** Data provided follows **

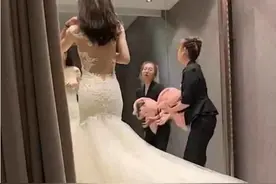 “巨人新娘”走红，本以为长得很丑，看到正脸惊讶了，太像洋娃娃图片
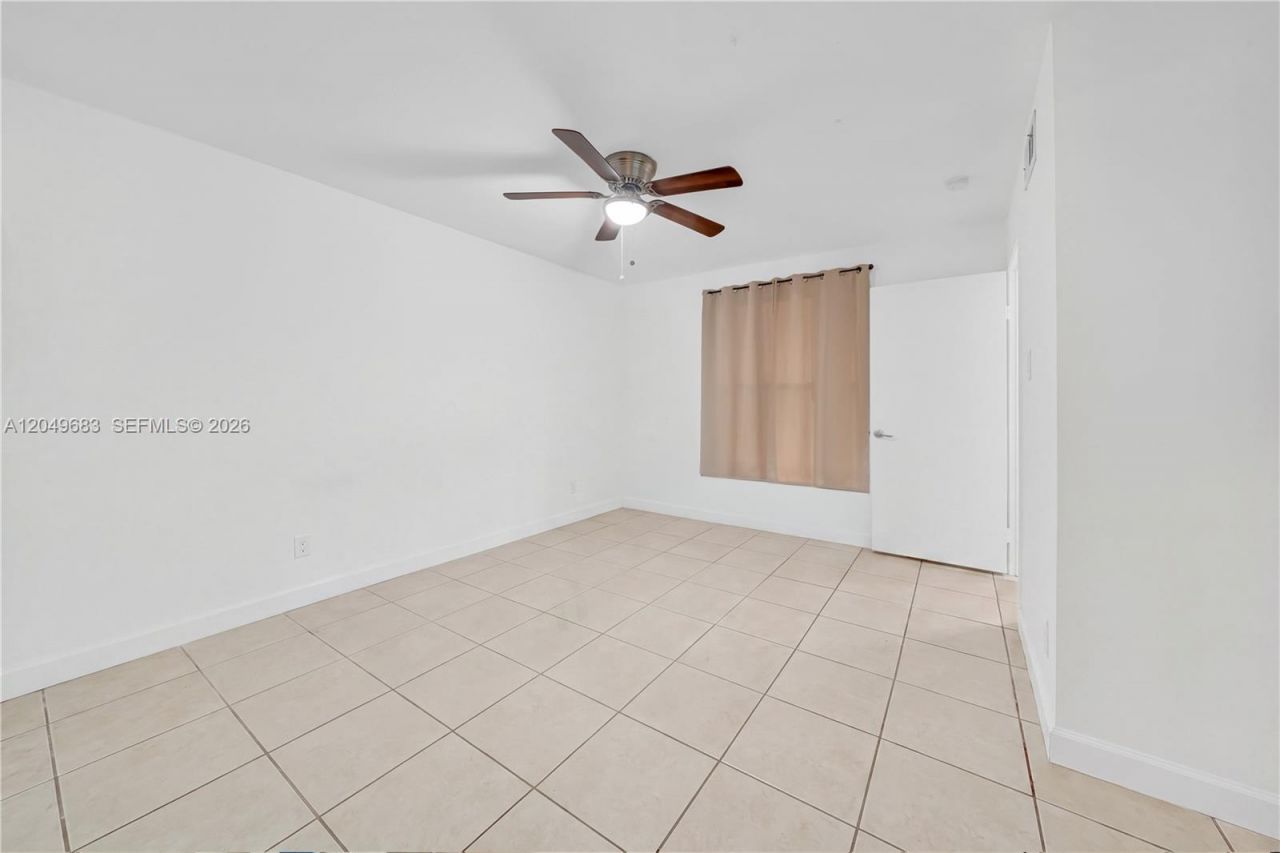 15070 SW 103rd Ln, Unit 2201, Miami, FL 33196 Photo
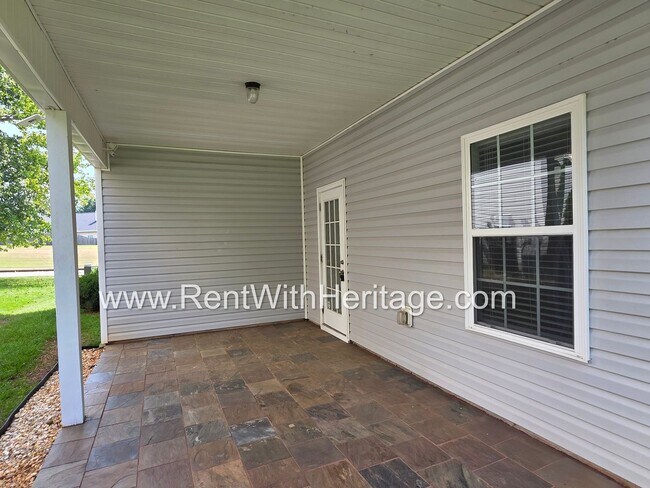 Building Photo - 202 Summer Gate Ln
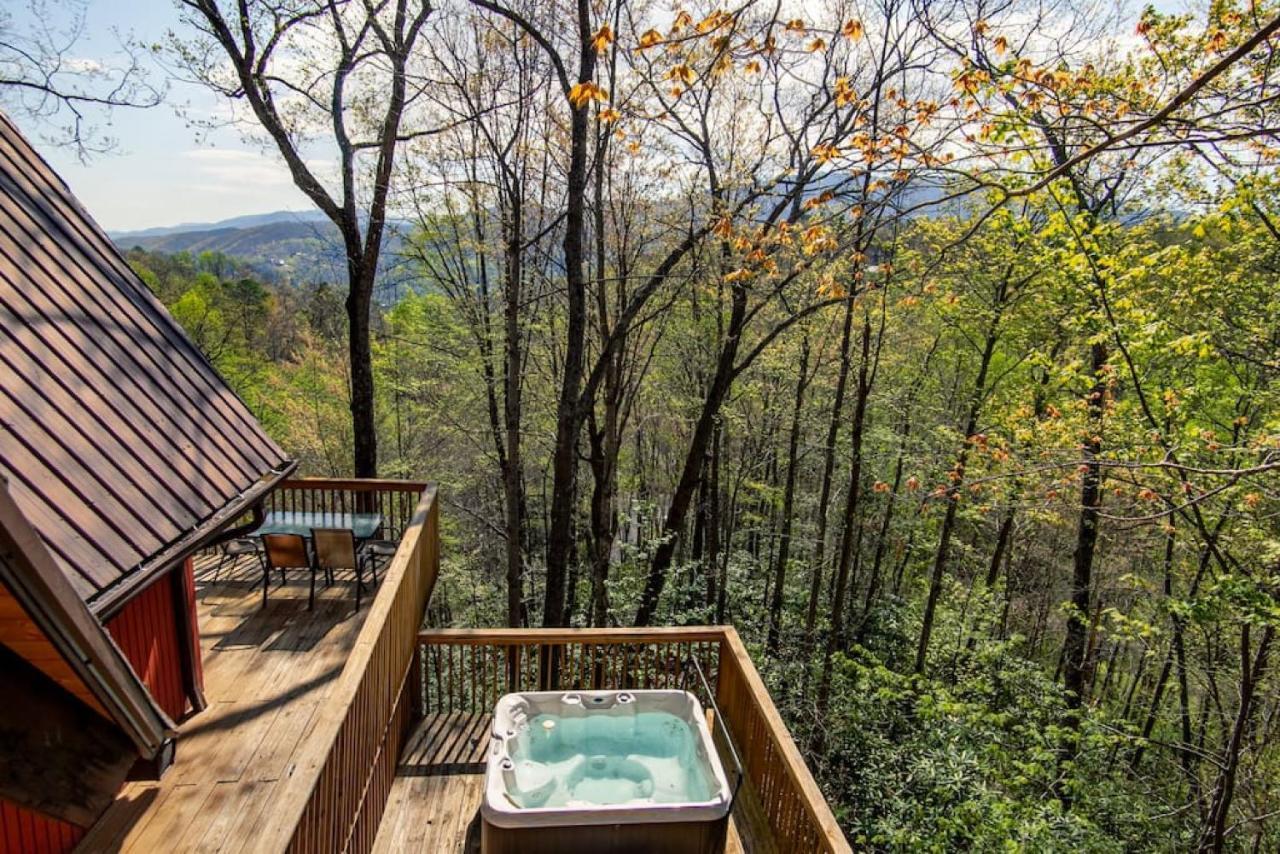 Bear View Chalet With Hot Tub And Near Ober Гетлинбург Екстериор снимка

** End of Data provided **

(What you are asked to do):
With pictures omitted, copy exactly the lines from the one containing "15070 SW 103rd" through the final line of the listing, both included.

(Exercise answer):
 15070 SW 103rd Ln, Unit 2201, Miami, FL 33196 Photo
 Building Photo - 202 Summer Gate Ln
 Bear View Chalet With Hot Tub And Near Ober Гетлинбург Екстериор снимка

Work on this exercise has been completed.